Thanks to the digital revolution, open source is no longer exclusive to a small group of people. Instead, you will find a wide variety of people from all over the world.

a. In the Open-Source world, there are many contributor roles. Typical Roles are as follows:

i. Developers / Programmers
ii. Testers
iii. Automation Engineers

b. Similarly, contributor personas are also very diverse. Some of the common ones are:

i. Working Professionals
ii. Job Seekers
iii. College Students

“In open source, to really do something well, you have to get a lot of people involved.”

Linus Torvalds


Once you understand the What, Where, Who, Why, and When, the most important question is HOW to start with the Open Source World?

Here are a few starting steps and checkpoints that will assist you in getting started with Open-Source:

Learn and get familiar with Git and Github:

i. Git is a source code versioning system. It will help you to collaborate on the source level. Git is used for source code versioning & collaboration in nearly every open-source project I have seen. Those new to Git can find a number of good tutorials on YouTube / Udemy to learn the basics. Go for it!

ii. Github is the most popular cloud-based code hosting repository which is used for the majority of open-source projects. It is quite simple to use and understand the GitHub UI, documentation, and guide.

Identify your Contribution Opportunity: As we discussed earlier, everyone has an opportunity to contribute. They can be seen under two major categories:

a. Coding Contributions: This will include contributions that would require you to work on the source code. This might be something you should take a look at if you are good at programming. You can contribute towards:

i. Product Features
ii. Bug Fixes
iii. Scripts for Unit Tests, CI-CD, etc.

b. Non-Coding Contributions: You don’t always need programming experience to contribute. One of my first contributions was adding documentation and reporting bugs. It was greatly appreciated and gave me the confidence to work more towards open source. If you’re a first-timer or not sure where to begin, you can always contribute towards:

i. Documentation
ii. Guides
iii. Raising Issues, Retest them, Providing feedback, etc.

Typical Flow for Contributing:

i. Learn about the existing implementation
ii. Modify / Add Something
iii. Get it Reviewed, Send a Pull Request
iv. Get Feedback

Positive feedback will most likely result in your Pull Request being accepted. Otherwise, you will most likely receive comments for improvement. Eventually, once your pull request has been reviewed and accepted, you have made your first contribution.

Take Initiative: You don’t have to always wait for someone to guide you on where to start. You can take initiatives and contribute to:

i. New Features
ii. Bug Fixes
iii. Updates to Existing Features

Hopefully, you now have a good idea of how to get started as a tester with open source. If you are a complete novice, here are some tips from my personal experience:

i. Start with small issues
ii. Build your confidence
iii. Have a Learning/Accountability Partner
iv.

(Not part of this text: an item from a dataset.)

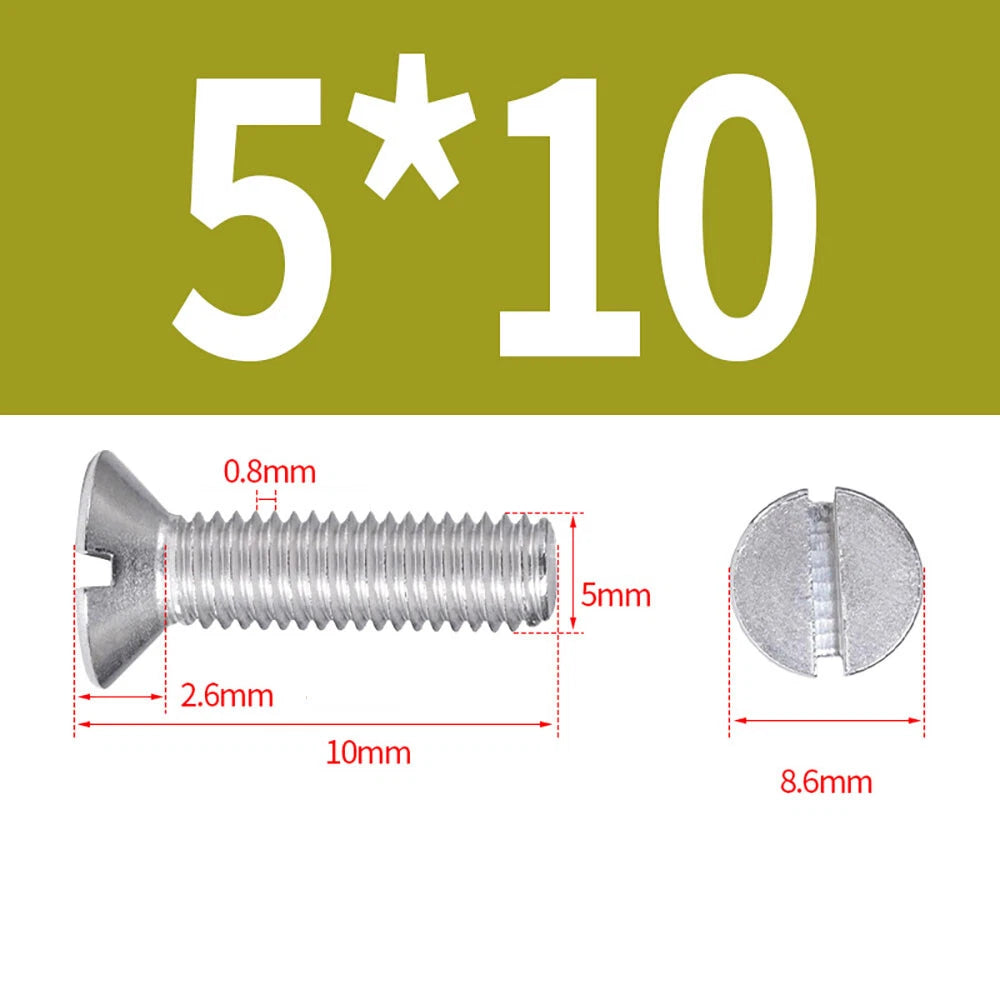 M1.6–M8 A2 Stainless Steel Flat Head Slotted Machine Screws | Countersunk Bolts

Have a Mentor
v. Get familiar with codebase/source
vi. Know that this is a journey and not a destination.
vii. Remember, there is always something for beginners.
viii. Coding is not the only area for contributions. You can do non-coding contributions too.

I hope this article helped you learn more about the various possibilities that open source has for testers!

“In real open source, you have the right to control your own destiny.”

Linus Torvalds

Happy Testing! Happy Exploring! Happy Collaborating!